Robin: Previously I was a newspaper reporter, then a fine art printmaker. The processes of printmaking are crazy hard. Similarly, playwriting is much more difficult than any other kind of writing for me. I like challenges. Collaboration with directors, actors and designers who bring my work alive, putting it out there for audiences — these are frightening and thrilling gifts that other forms of artistic expression don’t offer. It’s rather like jumping into a cold pond and hoping that the swim to the other side is invigorating. You might drown, but you might see amazing sights on the journey. And of course there’s the challenge of being way past “retirement age” in this youthful arena.

Vanda: You’re getting ready for an off-Broadway production. That’s very exciting. Can you first tell us a little something about your play, Alice in Black and White. An intriguing title. What is it about?

Robin: Alice Austen, a real person, grew up during the Victorian Era. Her family was very proper, very upper middle-class. Women were expected to keep their mouths shut, get married, and see to house and home. Alice did none of these things. At the age of 10 she fell in love with photography. She refused to give up this “unladylike” passion for the rest of her life. She also refused to get married, choosing instead to share her love with another woman. Alice clung with a death grip to the life she wanted, but she almost lost everything. Today the Alice Austen House on Staten Island is designated as a New York City and National Landmark.

Vanda: What was the impetus for writing this play?

Robin: I had never heard of Alice. I was on a hike on Staten Island (yes, there is wilderness there!). Afterwards a friend wanted me to see the Alice Austen House. The house itself, sitting on the banks at the entryway to the Hudson River, captivated me. Alice’s photographs captivated me too. I wanted to know more about the little girl who sat under the linden tree here. She grew up to become the first woman-photojournalist. How did that happen?

Vanda: What’s next for you?

Robin: I’ll be working with the director and a large group of disadvantaged kids on my one-act semi-musical HONEY’S SMILE. This will be performed by Playhouse Creatures Camp at Dixon Place on August 20. Also I’m working on a full-length fantasia HARMONY’S AUDITION about a woman who is told she must choose between musicianship and motherhood. (The first reading is with Lafayette Salon on August 25 at Lucky Jack’s, NYC. You’re invited.) Then I’m off to Antioch College in Ohio for a program of my short plays with alumni and student actors in September. Next, I’ve been hired by a Mongolian NGO to teach playwriting there (using an interpreter — another challenge!) in October.

Vanda: Wow! You always have  many exciting projects going on all at the same time.  Tell me,  if you could cast any actor in the world in one of your plays who would it be and why?

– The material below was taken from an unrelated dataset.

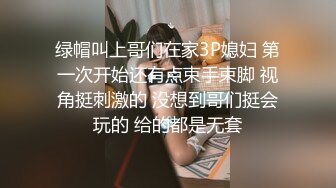 【新片速遞】 《台湾情侣泄密》❤️新闻传媒大学超高颜值美女私密被曝光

Robin: Cherry Jones. Her acting is bed-rock honest and she is magnetic to the core. Plus she’s a lovely person.

Vanda: When that question was asked of me I said ‘Meryl Streep,’for similar reasons,  but I sure wouldn’t mind having the magnificent Cherry Jones, either in my play.

Thanks, Robin, for talking with us today. All the absolute best on your run.

Everyone be sure to go and see it. It’s going to be great.